La IA ha inundado las revistas científicas con artículos, y hasta ahora hay poco bueno al respecto
OpenAI
Alibaba/Qwen
La propagación de la inteligencia artificial generativa ha aumentado drásticamente el flujo de artículos científicos, creando una carga adicional para editores y revisores. Un análisis de los envíos a Organization Science mostró un aumento del 42 % después del lanzamiento de ChatGPT, y es probable que la IA se haya utilizado en la mayoría de los artículos para febrero de 2026. Los artículos asociados con la IA fueron rechazados con mucha más frecuencia, y las revisiones generadas por IA fueron menos diversas. Sin embargo, los experimentos sugieren que la IA puede ofrecer ideas novedosas si se guía adecuadamente.
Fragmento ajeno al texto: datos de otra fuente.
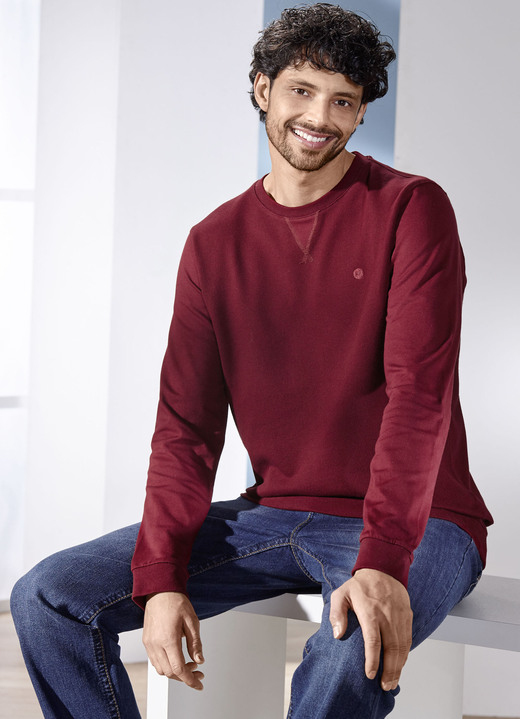 Sweatshirts - Sweatshirt in 3 kleuren Sweatshirts - Sweatshirt in 3 kleuren, in Größe 3XL (64/66) bis XXL (60/62), in Farbe BORDEAUX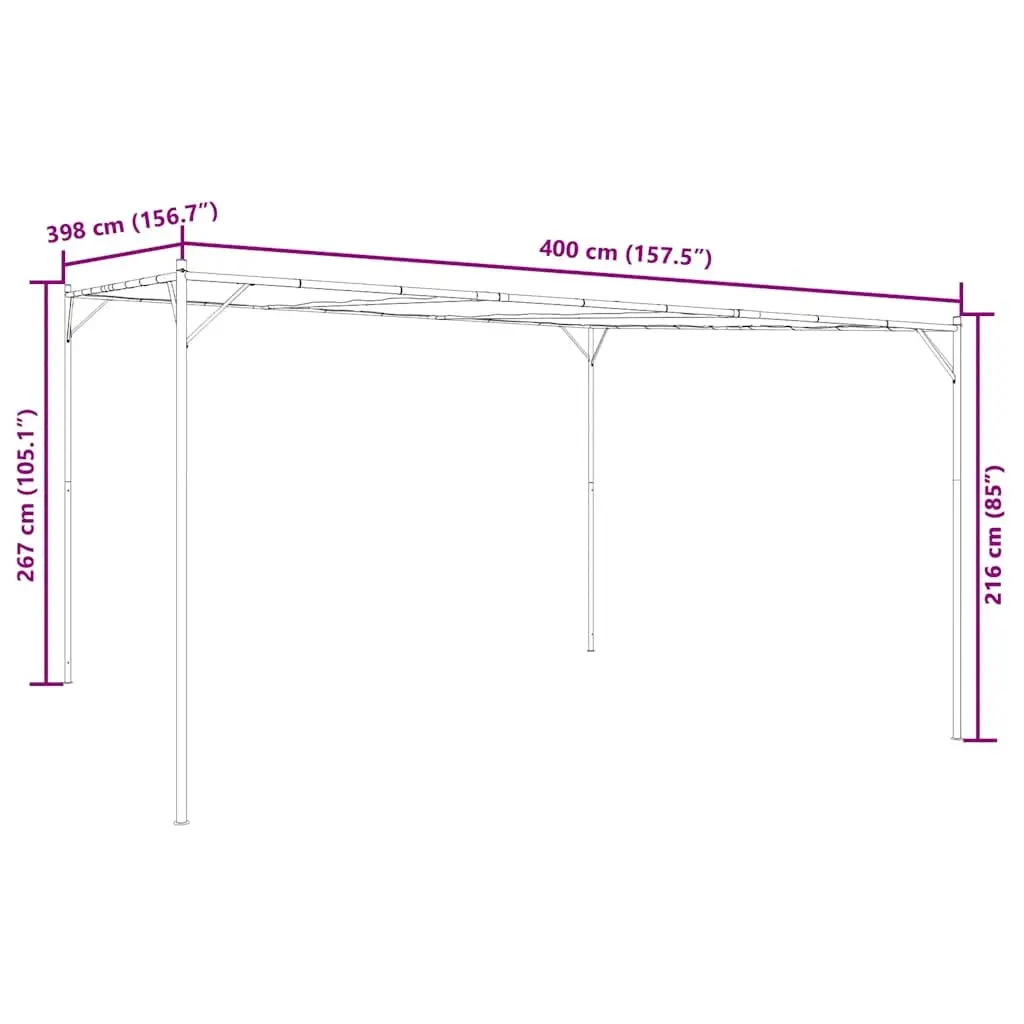 Anthracite 4x4 m Canopy for Outdoor Events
El equipo editorial de la revista Organization Science analizó 6.957 envíos y 10.389 revisiones recibidas entre enero de 2021 y febrero de 2026. La aparición de ChatGPT a finales de 2022 coincidió con un fuerte aumento en los envíos y una disminución de la calidad. Tras la difusión de ChatGPT, los envíos aumentaron un 42%, y para febrero de 2026 es probable que la IA se hubiera utilizado de alguna forma en la mayoría de los artículos presentados. Utilizando el algoritmo Pangram 3.1 para detectar texto generado por máquinas, los investigadores descubrieron que la legibilidad media (índice de Flesch) había disminuido en 1,28 desviaciones estándar para enero de 2026 en comparación con enero de 2021. Los artículos con un índice de participación de IA superior al 70% fueron rechazados en el 70% de los casos antes de la revisión por pares, mientras que aquellos con un uso mínimo de IA fueron rechazados solo el 43,7% de las veces. La probabilidad de recibir una solicitud de revisión bajó del 11,9% al 3,2% para los artículos con un uso intensivo de IA. Los modelos estadísticos mostraron que la tasa de rechazo más alta persistía incluso en textos estilísticamente pulidos, lo que indica un contenido científico deficiente. Las revisiones generadas por IA eran menos diversas, centrándose más en marcos teóricos y menos en datos, métodos y resultados. Los autores señalan que los algoritmos no pueden identificar de manera fiable la influencia de la IA, por lo que solo se discuten tendencias generales. Sin embargo, en un gran experimento realizado por James Evans, los investigadores evaluaron ideas generadas por modelos de lenguaje: 6.749 científicos emitieron más de 25.000 valoraciones sobre novedad, valor práctico y plausibilidad. Los modelos populares a menudo sugerían ideas similares, mientras que los modelos más avanzados podían sorprender con su novedad. Los revisores de IA a menudo discrepaban con los expertos humanos. El modelo Qwen3-14B, entrenado específicamente en reseñas escritas por científicos, superó a los modelos de uso general hasta en un 27%. Los investigadores concluyen que la IA ya ayuda en la búsqueda de datos, la programación y la preparación de textos, pero sin verificación humana y cambios en el sistema de evaluación, puede llevar a un crecimiento mal controlado de las publicaciones en lugar de un aumento del nuevo conocimiento.